Peraza admits that Gowanus was sort of a puzzling environment for his team at first, because it’s “the kind of place where you have to know the ins and outs to understand where the cool places are–there’s lots of them, but they’re not very visible at the street level,” he says.
So Hyperakt began to search for Gowanus’ neighborhood establishments, arranging them in an accessible and easy-to-track format with descriptions from the clientele who frequent them often, Hyperakt’s designers.
But even with a guide for their homebase complete, Peraza says the itch wasn’t really satisfied. The designers at Hyperakt thought the project “would be cool for other neighborhoods” but lacked “the capacity to cover every single neighborhood like we covered Gowanus.”

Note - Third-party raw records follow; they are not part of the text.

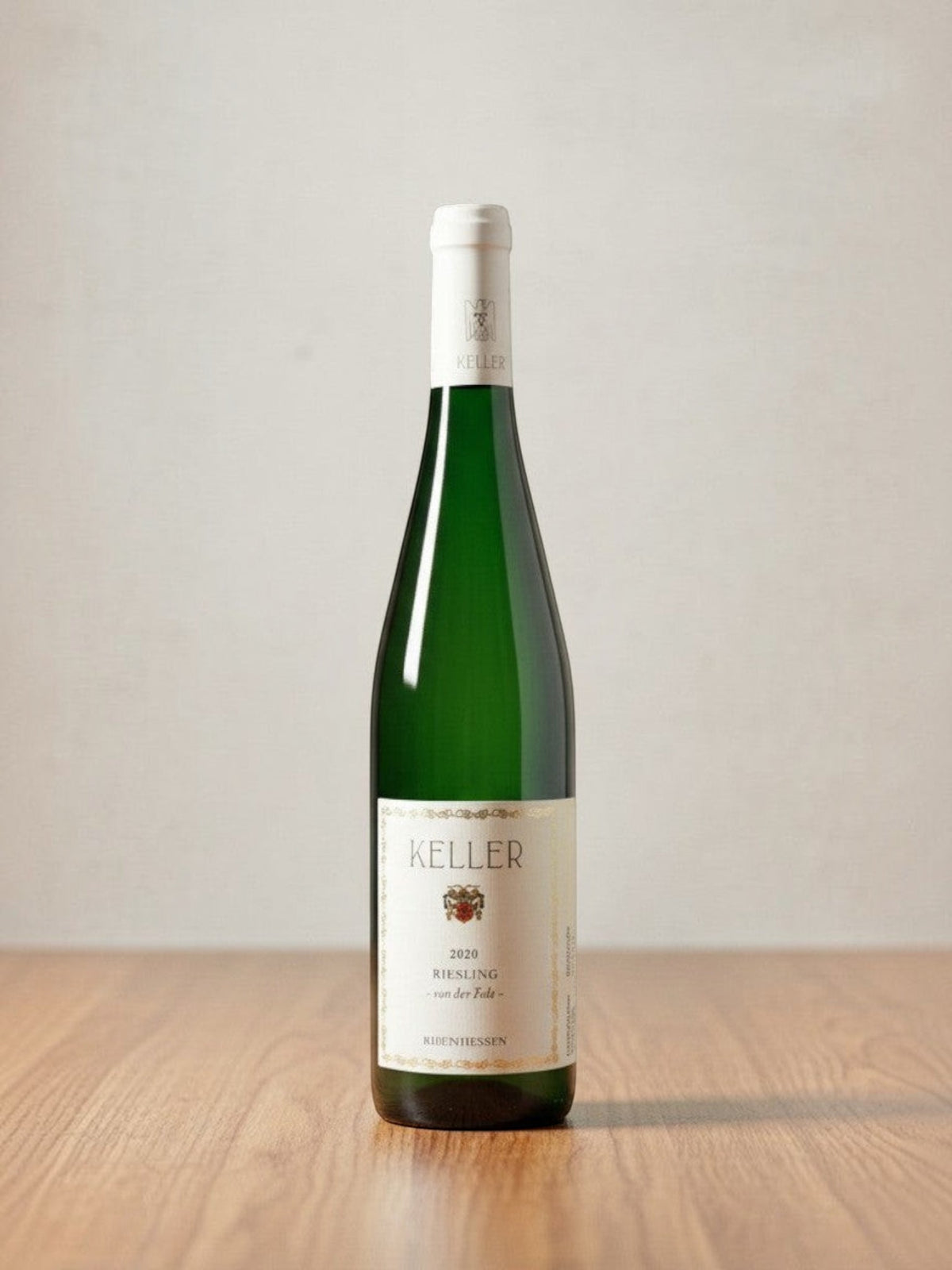 Goldener Zwilling Keller von der Fels 2020 Riesling Weißweinflasche auf einem Holztisch vor hellem Hintergrund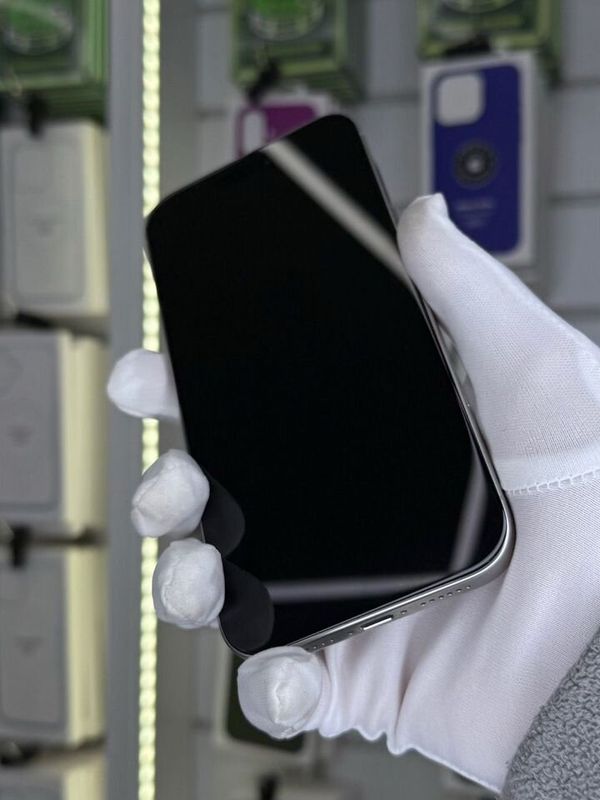 iPhone 16 Pro Max, 256 ГБ, SIM + eSIM б/у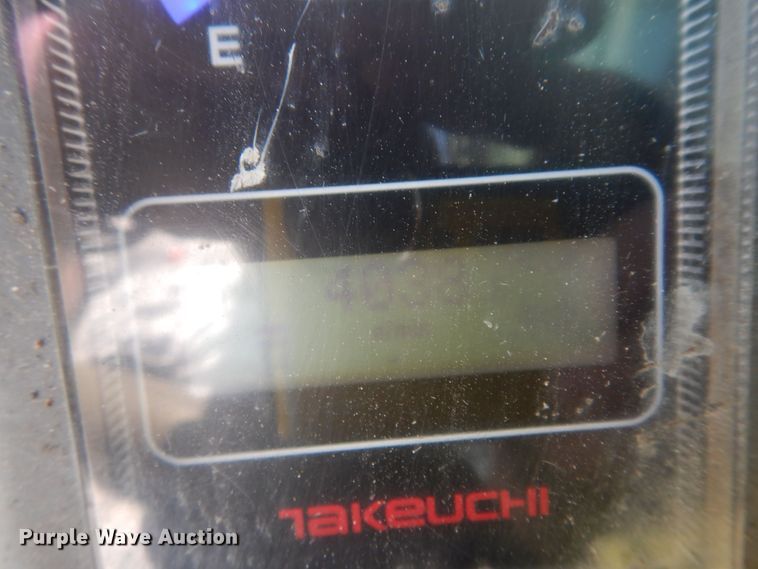 image for item LG9864 2016 Takeuchi TL12  tracked skid steer loader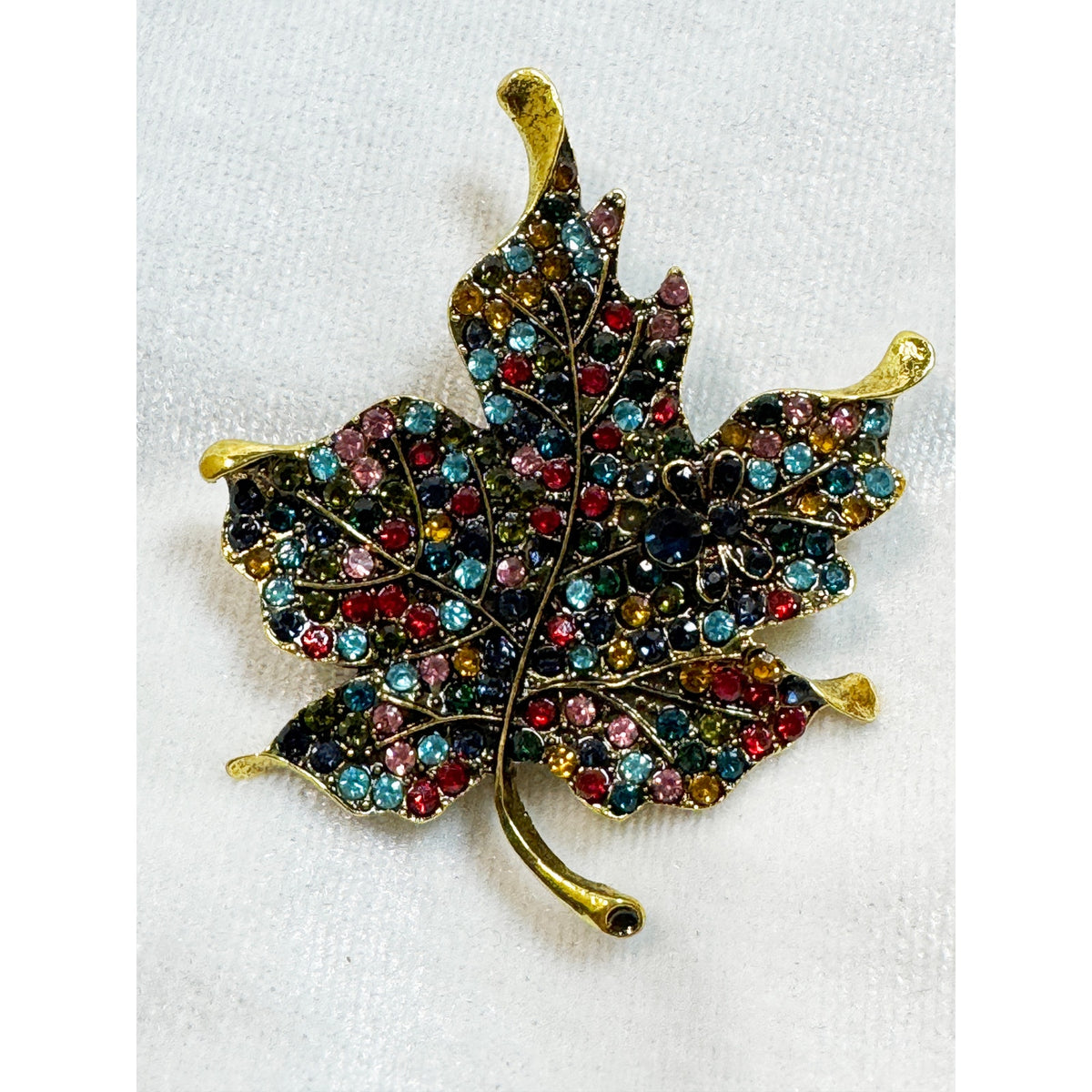New Rhinestone Maple Leaf Brooch Pin Multicolor Crystal Fall Autumn CP189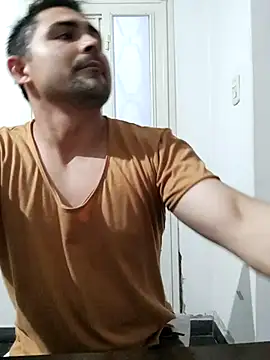 Bradd 32 online show from October 5, 2025, 3:49 am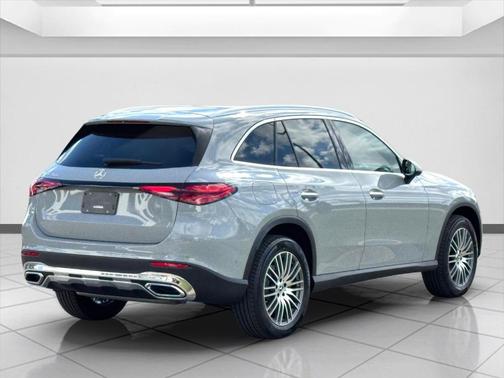 2026 Mercedes-Benz GLC 300 Base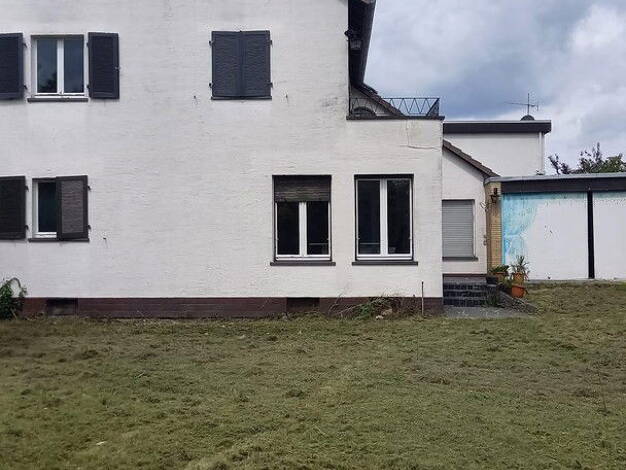 Einfamilienhaus zur Miete 1.800 € 9 Zimmer 200 m² 400 m² Grundstück Bubenheimer Weg 74 Metternich Koblenz 56072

To that end, Hyperakt invited other design firms to curate listings for their own neighborhoods, and the result is an expansive list of places across Manhattan and Brooklyn (four of which have been released, twenty-three others are currently in progress), in addition to a growing number of cities across the US, Europe and Asia.
“We have [guides for] neighborhoods in the works in LA, Chicago, San Francisco, London, Hong Kong and Charleston,” says Peraza.
Peraza says the ultimate goal behind On the Grid is to create a “Wikipedia-guide to neighborhood gems in cities across the world,” and to foster the kind of website that doesn’t get lost in the deluge of user-comments and clunky interfaces.
On the Grid will continue to release neighborhood guides across New York until September. The next one is dedicated to Prospect Lefferts Gardens and it releases this Friday, June 5th.